Doctors at the South Yorkshire Health Protection Unit (HPU) has said 145 cases were reported in Sheffield in the first three months of 2009.
The outbreak started in the city in January and spread to students at Hallam University in February.
By March 75 cases had been reported at Sheffield University.
Dr Rosie McNaught from the HPU said there was no risk to the general population and that the outbreak was "self limiting".

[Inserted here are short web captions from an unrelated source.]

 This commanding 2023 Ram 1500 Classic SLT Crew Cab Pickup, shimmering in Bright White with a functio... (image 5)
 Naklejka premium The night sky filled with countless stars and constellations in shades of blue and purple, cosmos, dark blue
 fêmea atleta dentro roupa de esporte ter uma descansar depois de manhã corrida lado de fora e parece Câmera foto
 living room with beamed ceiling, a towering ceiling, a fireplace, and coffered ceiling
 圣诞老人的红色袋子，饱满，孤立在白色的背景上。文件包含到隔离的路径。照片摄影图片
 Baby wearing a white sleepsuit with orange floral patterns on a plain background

She said: "We had a previous outbreak at the university where about 10% of the students ended up in hospital with complications, we have not seen that this time."
New vaccine
Ms McNaught said the introduction of the MMR vaccine was, in part, responsible for the outbreak in the students aged in their early 20s.
She said: "It's not that people were worried about the MMR vaccine, it's the fact that it was a new vaccine.
"When you look at our figures, the most common age at which people are getting mumps at the moment is 20.
"The 20-year-olds are the ones who were around at exactly the time when we changed over from the measles vaccine to the MMR vaccine."
Ms McNaught said a number of the students had measles vaccines as babies and there was a call-back programme to catch people up, but across the country it was "very patchy".
"A lot of these children had single measles vaccine, but weren't called back for the MMR.
"We've also got a number of these children who've had a single dose of MMR, but haven't had two doses.
"The mumps component of the MMR vaccine is the least effective, it only protects you about 70% of the time if you've had one dose, so you do need two doses to get decent levels of protection," she said.